You light your lavender candle. You fluff the pillow. You feel… accomplished.

Then the group chat pings.
Then your daughter calls.
Then your husband wants to show you a video of a raccoon eating grapes.

It’s 11:17PM and you’re still scrolling WebMD with one sock on.

🧯 Stage 2: Hot Flashes and the Blanket Ballet

You’re finally horizontal when it hits:
🔥🔥🔥 THE INTERNAL INFERNO. 🔥🔥🔥

Off go the covers.
Then on.
Then off.
Now one leg out.
Now arm out.
Now cold but sweating.

Your bed looks like a tornado auditioned for Broadway.

Your partner is wrapped in five blankets like a burrito of betrayal, breathing peacefully while you stare at the ceiling, glowing like a menopausal furnace.

📋 Stage 3: The Brain Spiral Parade

You close your eyes. The room is dark.
Your body is (mostly) still.

But your brain?
Your brain just popped open a 7-tab browser and is now reviewing:

  • That email you forgot to reply to
  • Whether your son ever got the oil changed
  • A weird mole you saw on your leg earlier
  • That time in 1998 you called your teacher “Mom”
  • The sound the fridge made that maybe means it’s dying

And for some reason, you now also urgently need to research magnesium deficiency, silk pillowcases, and retirement calculators.
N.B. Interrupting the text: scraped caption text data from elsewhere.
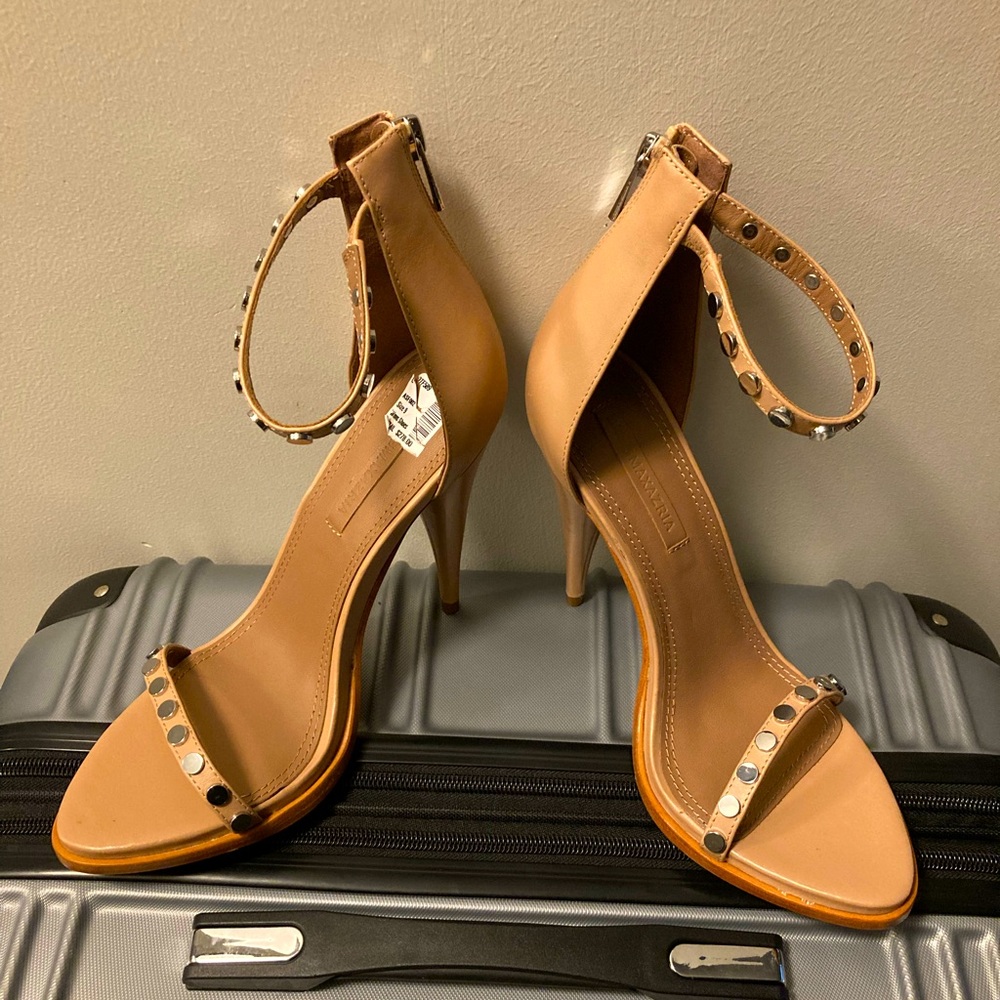 Tan strap open toe BCBG pumps.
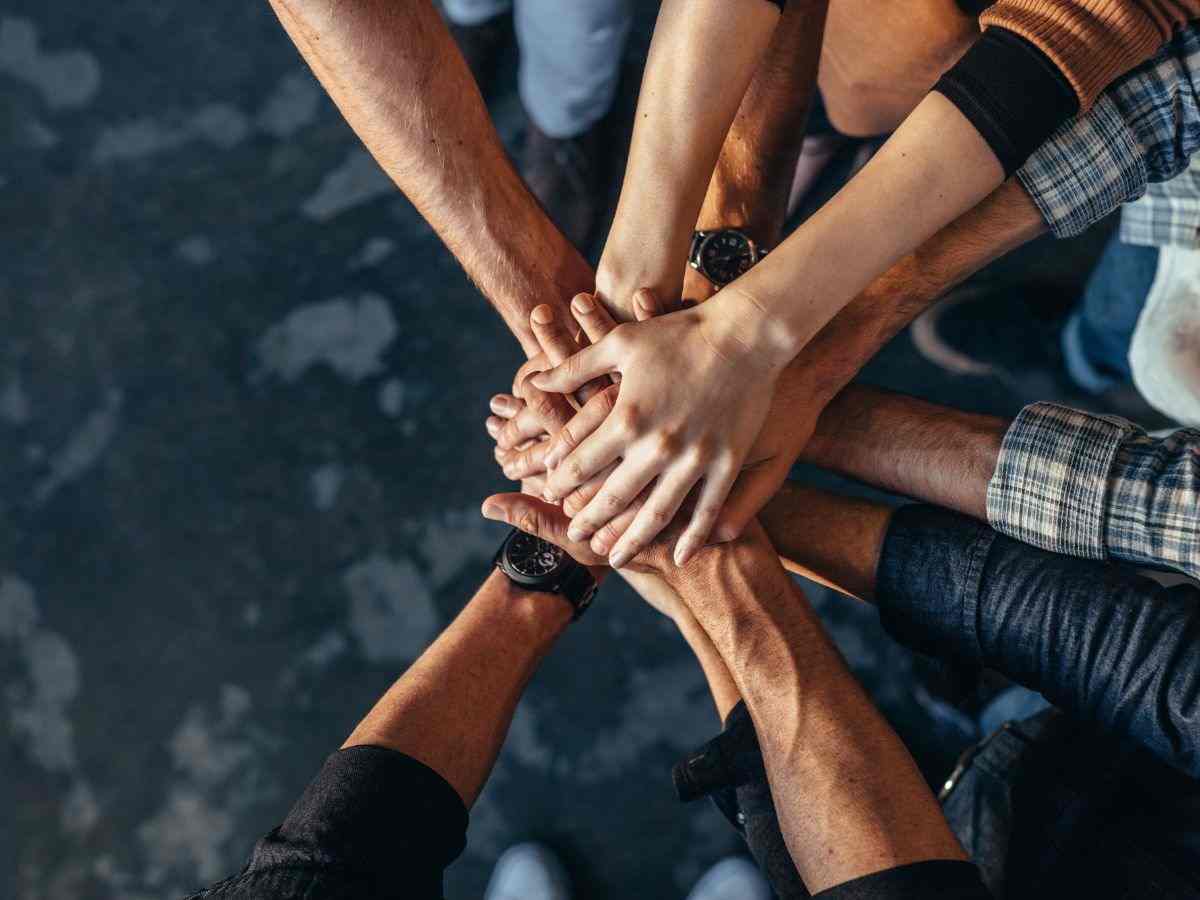 persone uniscono le mani in centro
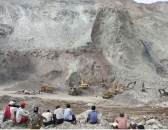 Local jade scavengers watch authorities use backhoes to uncover bodies at the site of a landslide Friday May 4.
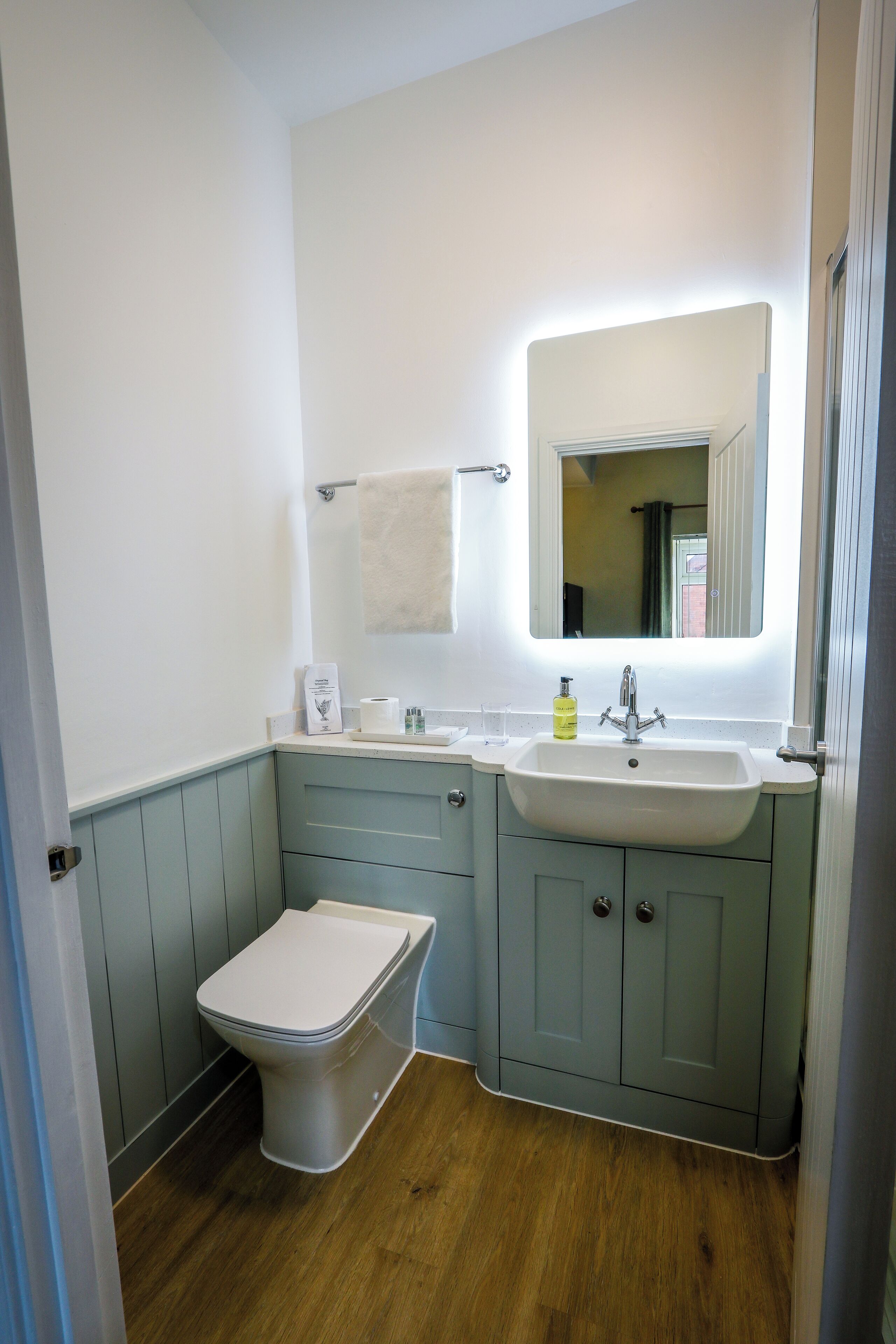 Un baño con lavamanos blanco, un espejo y un inodoro.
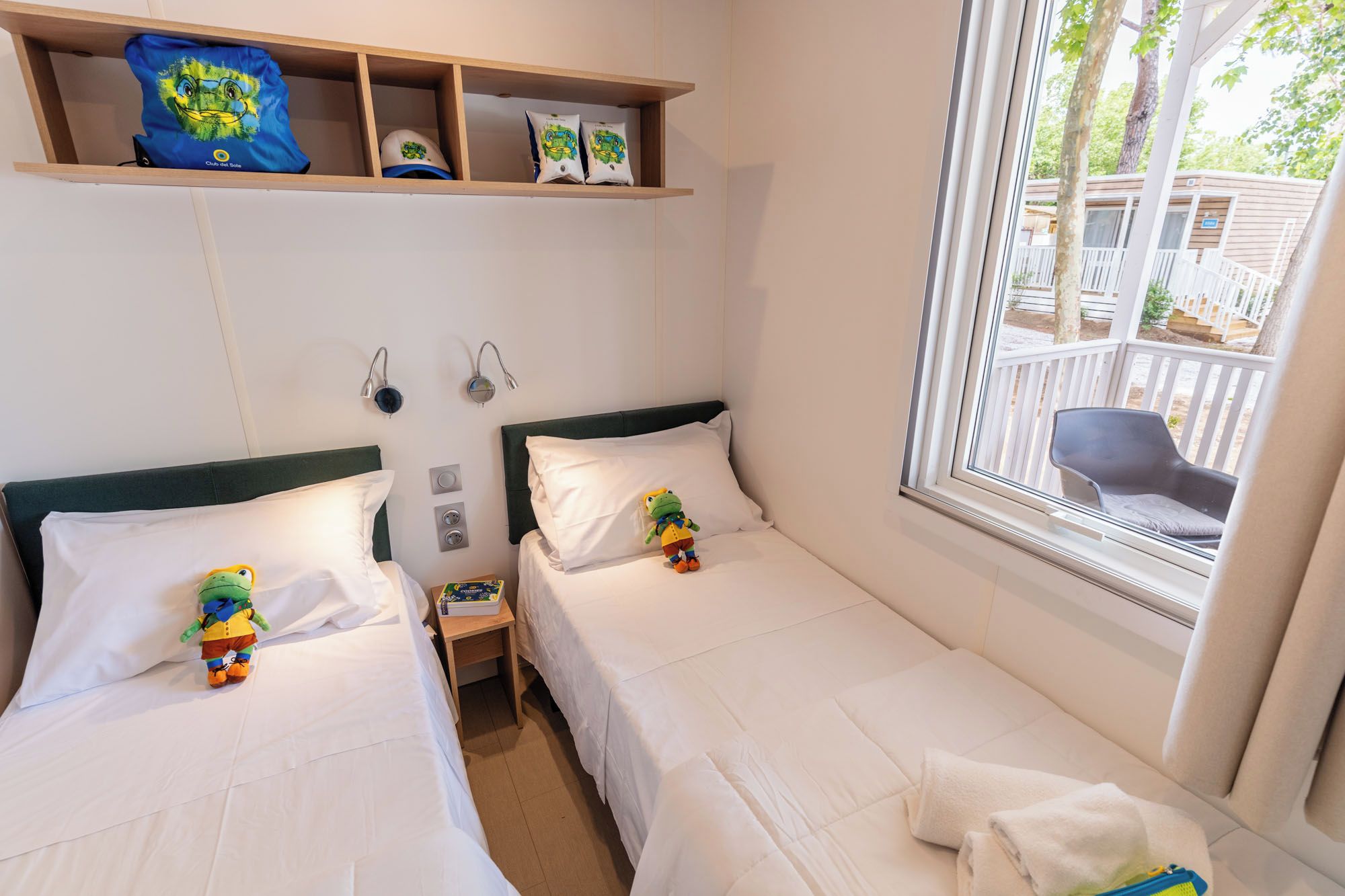 A hotel room with two beds, a shelf with hats, a window with a view, and a small table with a toy.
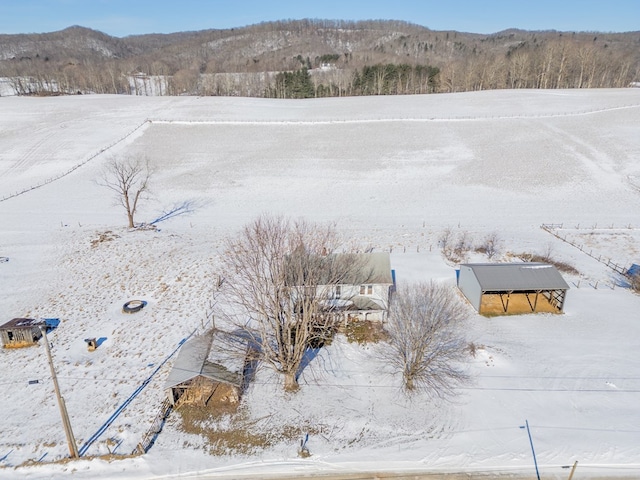 snowy aerial view featuring a mountain view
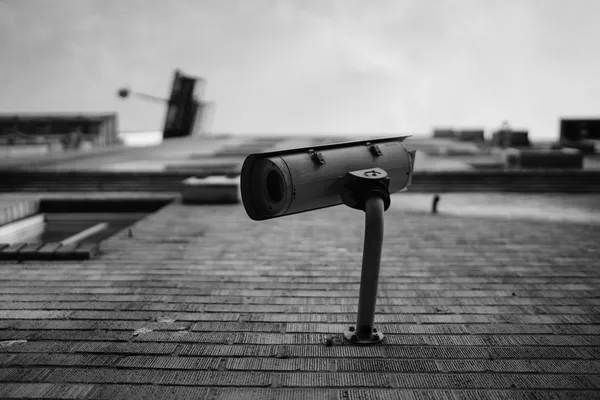 A surveillance camera on a building façade, seen from below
🚽 Stage 4: The Midnight March of the Bladder

You’re almost asleep.

Then your bladder knocks like a passive-aggressive roommate:

“Hey… it’s probably fine. But just in case.”

You sigh. You get up.
You pee.
You come back.
Now your pillow is hot.
Now your shoulder’s weird.
Now you’re thirsty.

You consider sleeping on the couch, the floor, or inside a large freezer.

Stage 5: Morning Regret & Resolutions

You wake up at 6:45AM feeling like you survived a low-grade haunted house.
Your husband says, “I slept great.”
You say, “Must be nice.”

You drink coffee with the solemn determination of a woman who has fought through hormonal warfare and still showed up for life.

And you promise yourself:

“Tonight, I’m going to bed early.”

(See Stage 1.)

🩷 So, Can We Fix This?

Sleep won’t always be this dramatic – but for now, here are some things that actually help:

  • Magnesium glycinate at night
  • Weighted blanket but just on your legs (don’t ask why, it works)
  • Fan + cooling pillow + low expectations
  • Stop trying to solve your entire life at 2AM
  • Kick your husband gently if he snores. You deserve balance.

✨ Words of Wisdom:

“I don’t want to sleep like a baby. I want to sleep like my husband – zero thoughts, zero sweat, full burrito wrap.”